Segment Open

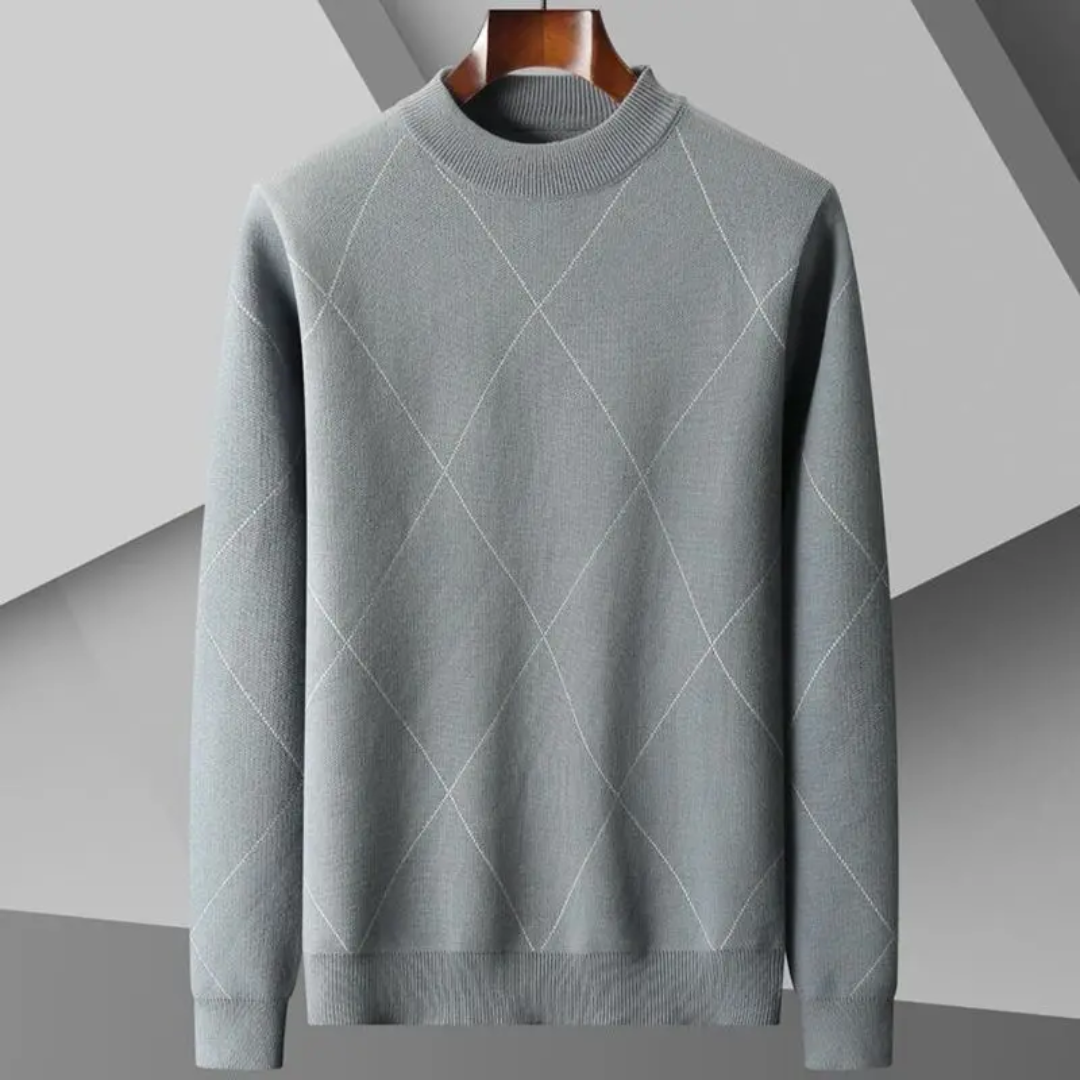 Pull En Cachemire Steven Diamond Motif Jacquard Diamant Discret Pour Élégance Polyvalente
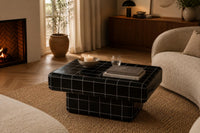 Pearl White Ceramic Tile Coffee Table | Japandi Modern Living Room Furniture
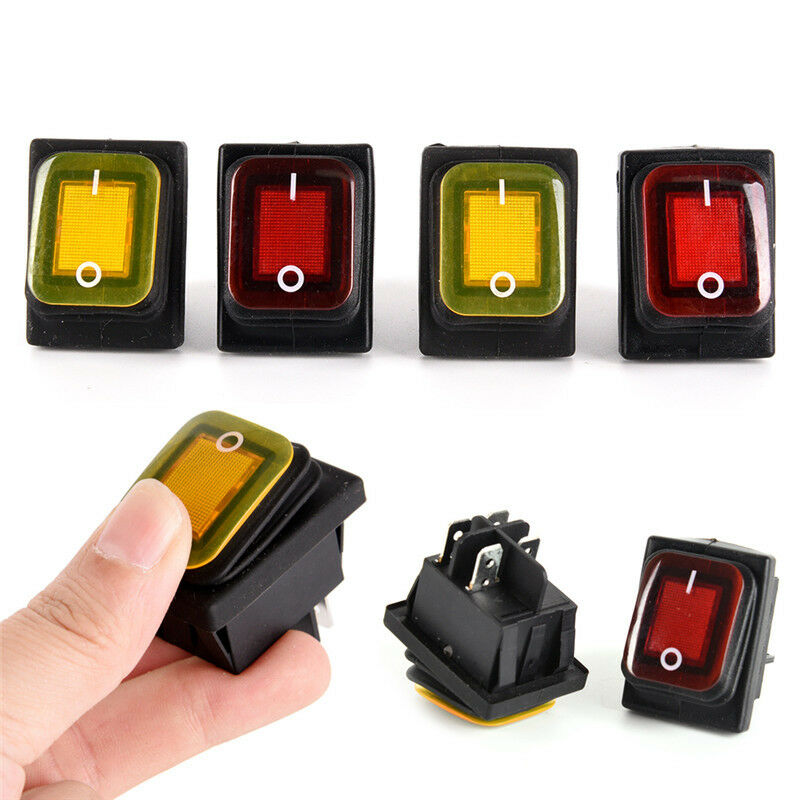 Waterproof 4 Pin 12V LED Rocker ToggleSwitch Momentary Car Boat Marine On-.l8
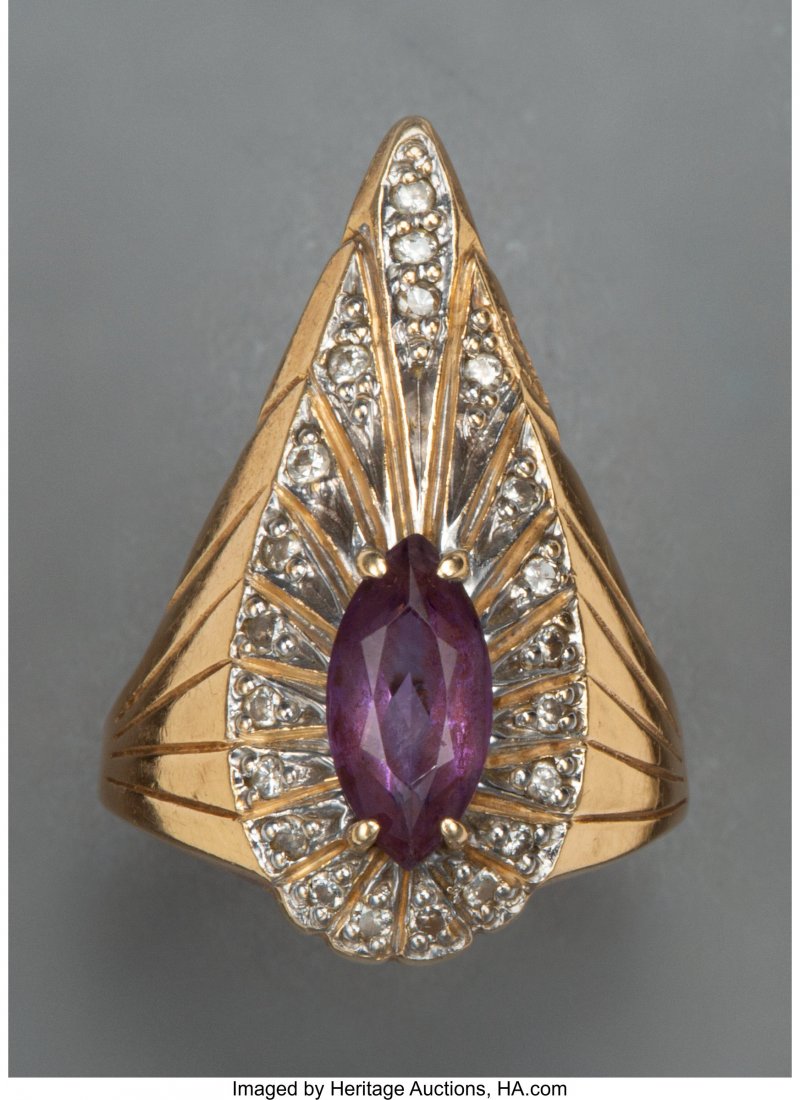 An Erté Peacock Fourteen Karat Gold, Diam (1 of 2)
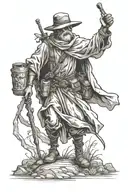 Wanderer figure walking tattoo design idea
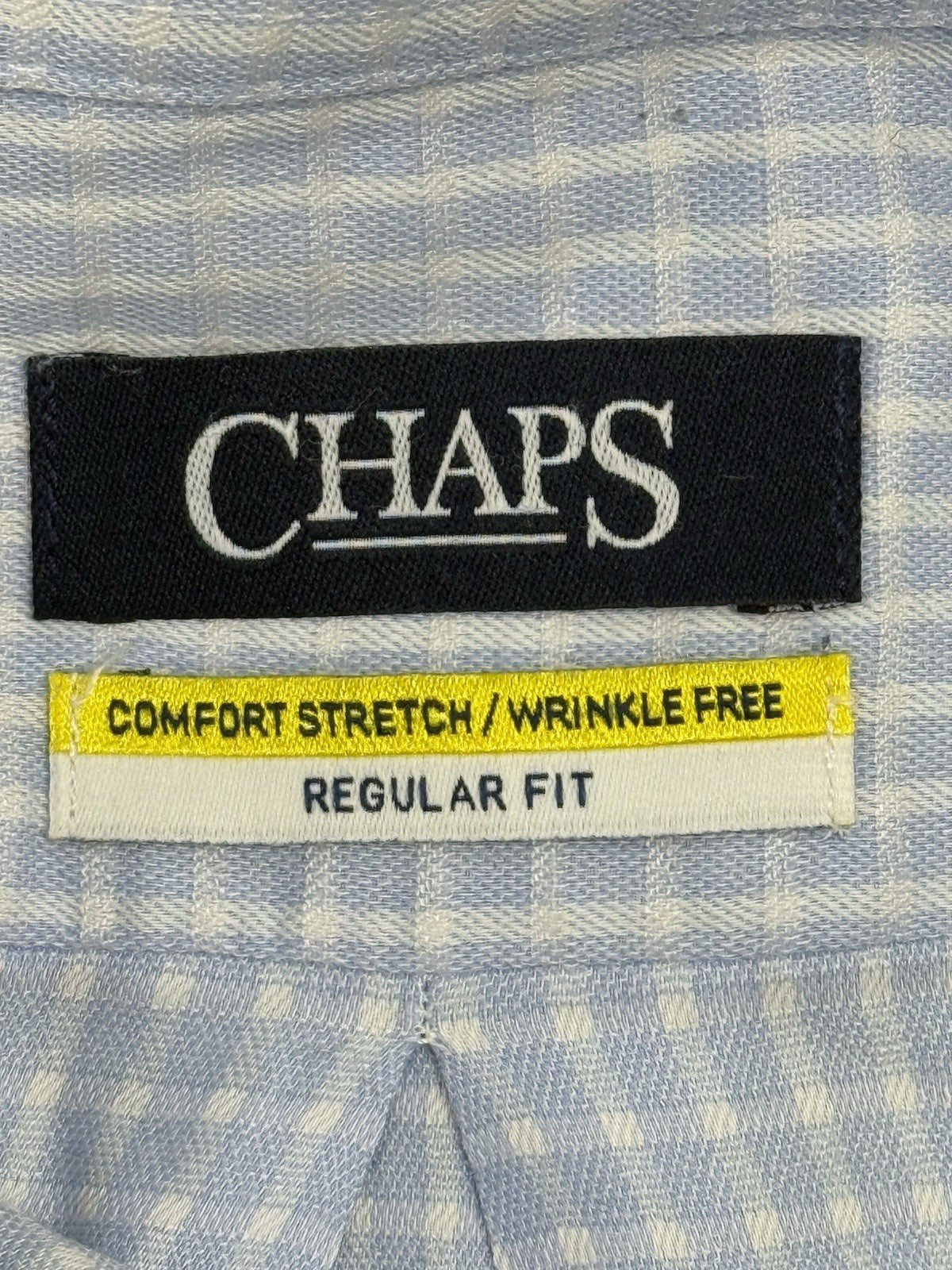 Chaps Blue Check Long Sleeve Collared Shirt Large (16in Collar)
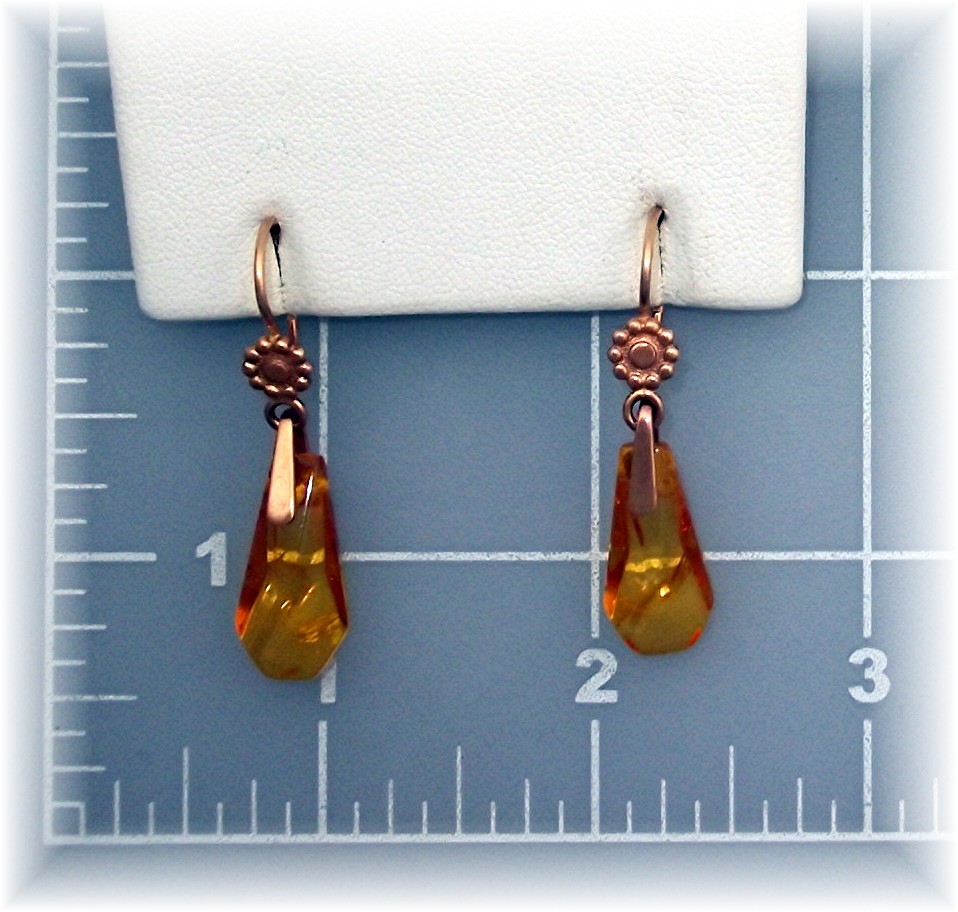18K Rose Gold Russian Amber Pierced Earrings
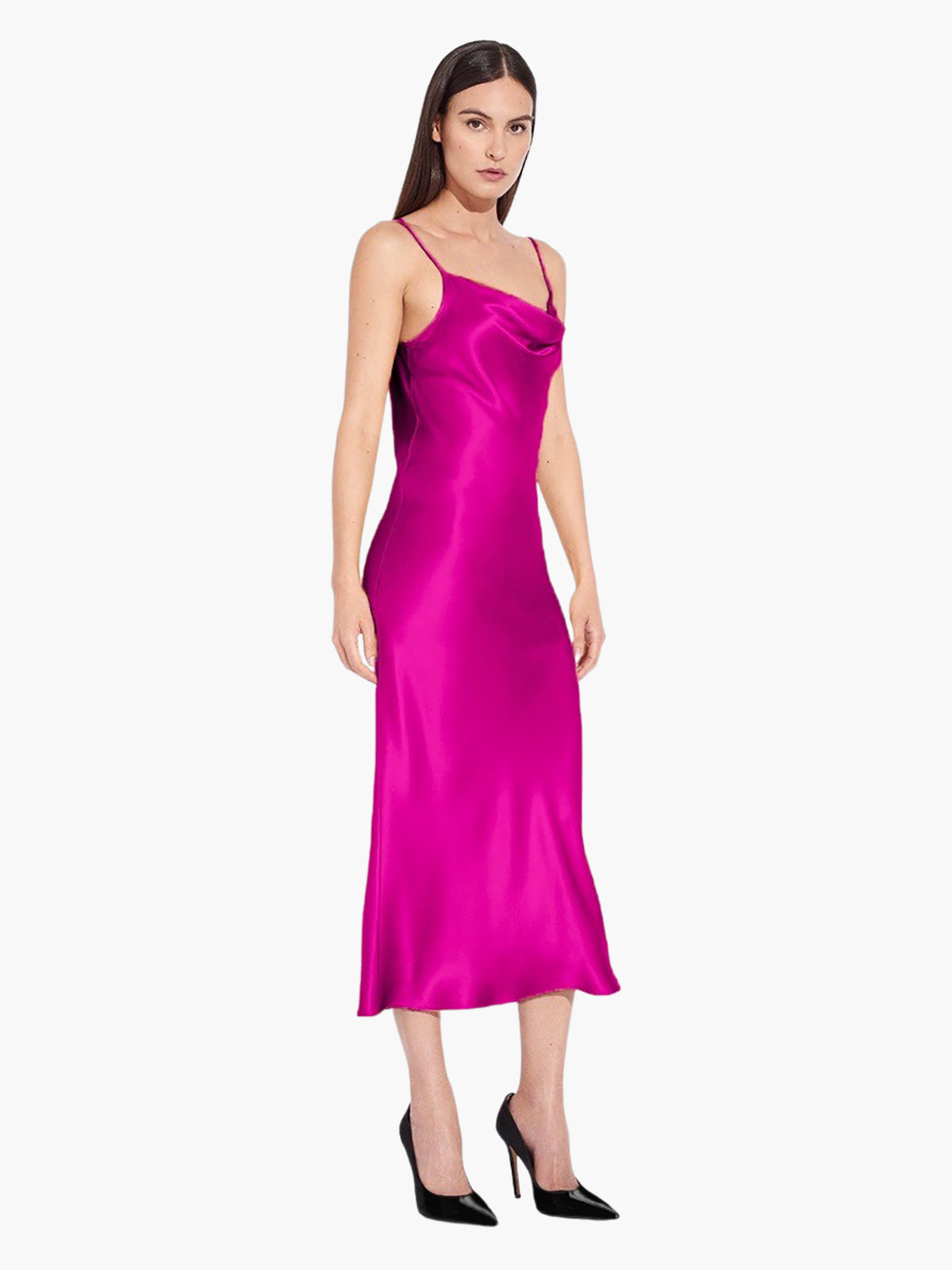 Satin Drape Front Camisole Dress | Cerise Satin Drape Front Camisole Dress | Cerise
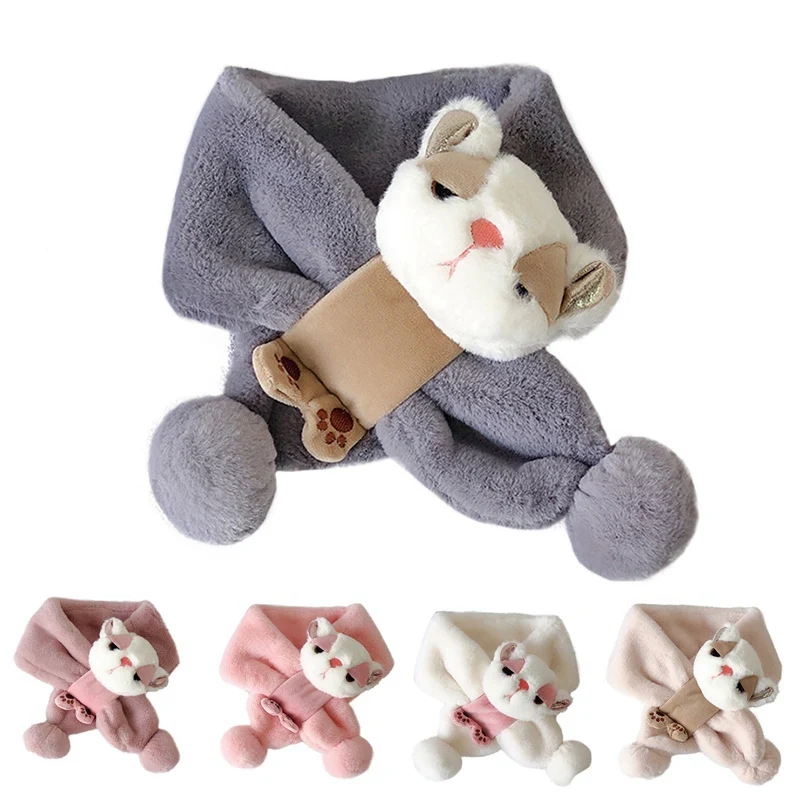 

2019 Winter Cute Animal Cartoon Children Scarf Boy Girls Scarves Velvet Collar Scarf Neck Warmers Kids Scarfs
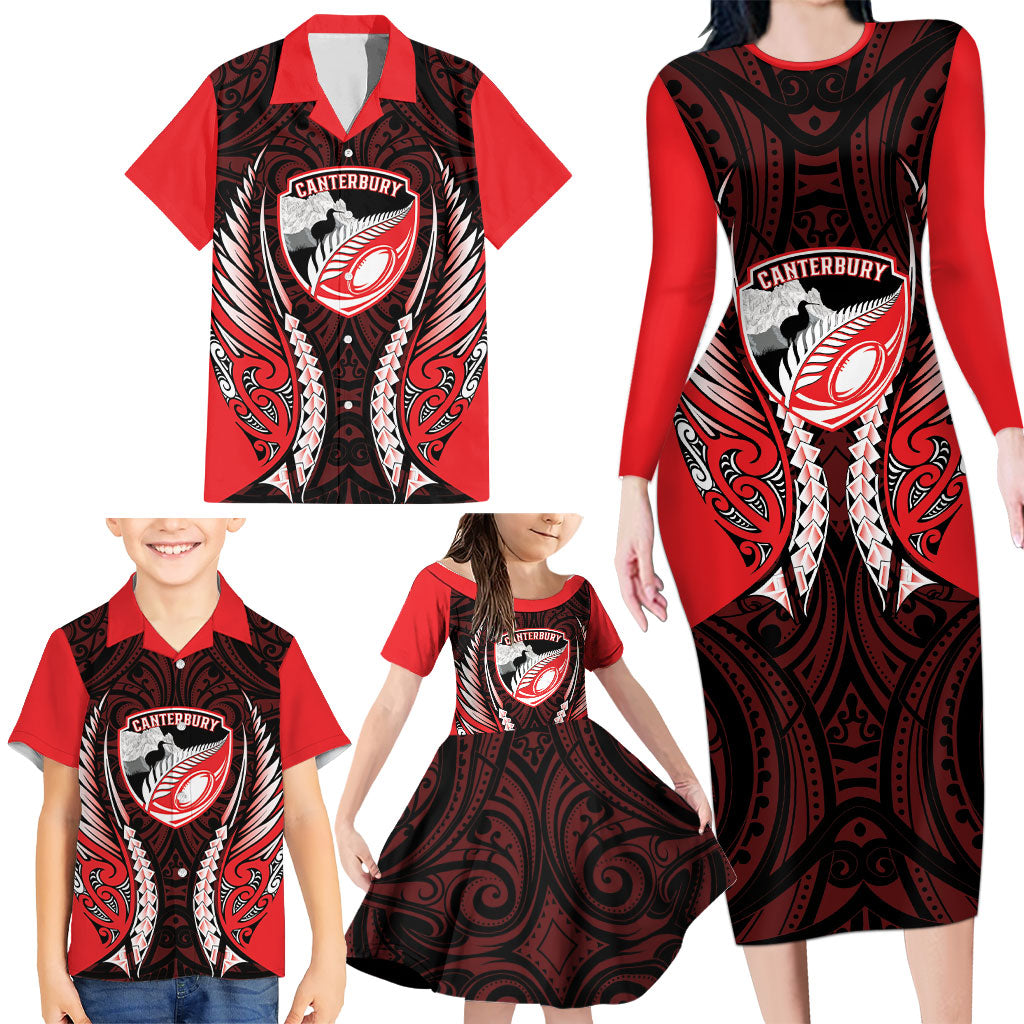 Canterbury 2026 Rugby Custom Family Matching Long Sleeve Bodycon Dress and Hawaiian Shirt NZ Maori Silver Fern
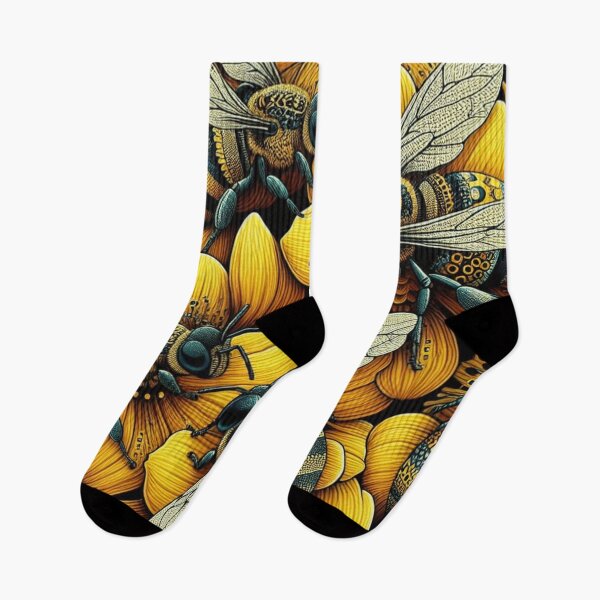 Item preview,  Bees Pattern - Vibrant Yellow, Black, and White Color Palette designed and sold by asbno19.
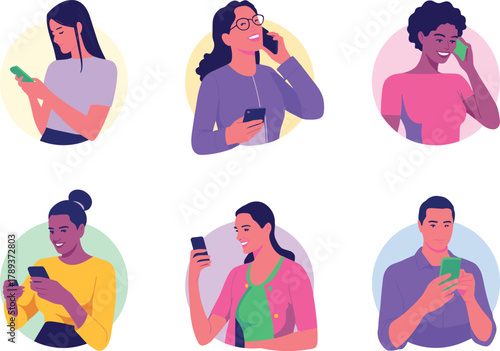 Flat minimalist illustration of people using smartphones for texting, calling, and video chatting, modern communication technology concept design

Segment Closed

Please output, exactly as written, the lines above from the one holding "Satin Drape Front Camisole Dress | Cerise Satin" through the one holding "2019 Winter Cute", both included, with the pictures omitted.

TASK SOLUTION
 Satin Drape Front Camisole Dress | Cerise Satin Drape Front Camisole Dress | Cerise

2019 Winter Cute Animal Cartoon Children Scarf Boy Girls Scarves Velvet Collar Scarf Neck Warmers Kids Scarfs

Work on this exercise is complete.